Mosley won a vote to remain president of governing body the FIA on Tuesday, despite being caught in a sex scandal.
Di Montezemolo indicated on Wednesday that he felt Mosley should still quit for the sake of "credibility".
But on Thursday, Di Montezemolo said: "I am happy Max Mosley has been confirmed as president of the FIA."
He added: "Through the years he has done an excellent job for Formula One. With regards his future, it will only be up to him to decide if and when to take a step back."
However, those comments are at odds with what Di Montezemolo told news agency Ansa the day before.
Di Montezemolo became the first Formula One team figure to urge Mosley to quit since the vote when he said: "He should realise that sometimes it is necessary to say to yourself I have to leave for reasons of credibility."
Max has always ruled by fear but I think more people will be likely to take him on after this
Formula One boss
His remarks carry added weight because Ferrari are powerful within F1 and have traditionally had a close relationship with the FIA in general and Mosley in particular.
And it had seemed they would increase the pressure on Mosley to resign to avoid risking damaging F1 and the FIA.
But it appears Di Montezemolo has moved to smooth things over with his change of stance.
Toyota have also called for a line to be drawn under the scandal, for the sake of the sport.
At the Bahrain Grand Prix in April, the manufacturers issued a strong statement condemning "any behaviour which could be seen to damage F1's image, in particular any behaviour which could be understood to be racist or anti-Semitic".
But now the FIA vote has taken place, they want the matter brought to a close.
"Toyota Motorsport acknowledges the result of the Extraordinary General Assembly and accepts the decision taken," said a statement from the Japanese manufacturer.
"Now that the FIA membership has expressed its view we hope that motorsport is able to conduct its activities unhindered by scandal, controversy and negative publicity."

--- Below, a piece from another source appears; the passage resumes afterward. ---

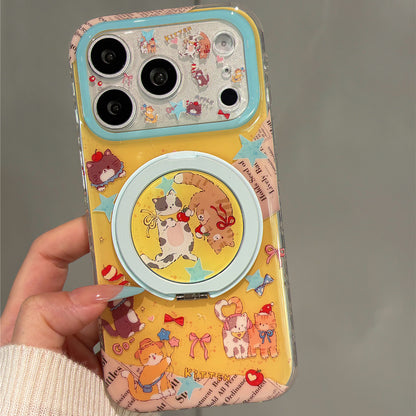 Cartoon Newspaper Kitten Magnetic Stand Acrylic Phone Case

Several major motoring organisations have either threatened to withdraw from the FIA or have already suspended relations.
In the wake of the vote, F1 supremo Bernie Ecclestone expressed fears that Mosley may no longer be able to function in his role.
Ecclestone, a close associate of Mosley for nearly 40 years, added: "I hope that it will not destabilise sponsors and the constructors."
He added in the Independent: "I knew he would win but I still don't think it's good for him or the FIA.
"He said he wanted to finish at the end of 2007, and then the end of this year, before all this happened.
"Max should stand down in November. For me, it's a difficult situation because I run the Formula One group of companies and the teams - the manufacturers - are violently opposed to him.
Mosley is under pressure despite his win in Tuesday's FIA vote
"But 62% of the automobile clubs that make up the FIA voted to retain him.
"Max has always ruled by fear but I think more people will be likely to take him on after this." And former F1 boss Eddie Jordan said Mosley continuing in office would make it even harder to attract new sponsorship to F1 in an already difficult economic climate.
On Tuesday Mosley won 103 of 169 votes in a process he called after the News of the World reported that he had taken part in a "Nazi-style orgy" with prostitutes.
Mosley, the son of former British fascist leader Sir Oswald Mosley, accepts he visited the prostitutes but denies there were Nazi overtones.
He has launched a legal action against the newspaper alleging defamation and invasion of privacy.
Before Tuesday's vote, Mosley had been asked by the rulers of Bahrain not to attend their grand prix and was shunned by the Monaco royal family at the Principality's race in May.
Ecclestone stated: "What highlights the problems he may still face is what happened in Monaco.
"Prince Albert made it very clear that he did not want him on the grid and that he would have security around him so that if Max did appear they could not be seen together.
"But I have no doubt that Max will be able to deal with that."
Ecclestone added that Mosley did not want to sign a new form of the Concorde Agreement, the document by which F1 is governed and which expired at the end of last year.
"We want Max's signature on a new document," he said. "He doesn't want to do that because he feels he has more power if he doesn't sign.
"But he doesn't need more power. The big manufacturers know just how much they want to spend, to be competitive.
"We just need to write that regulation and move forwards."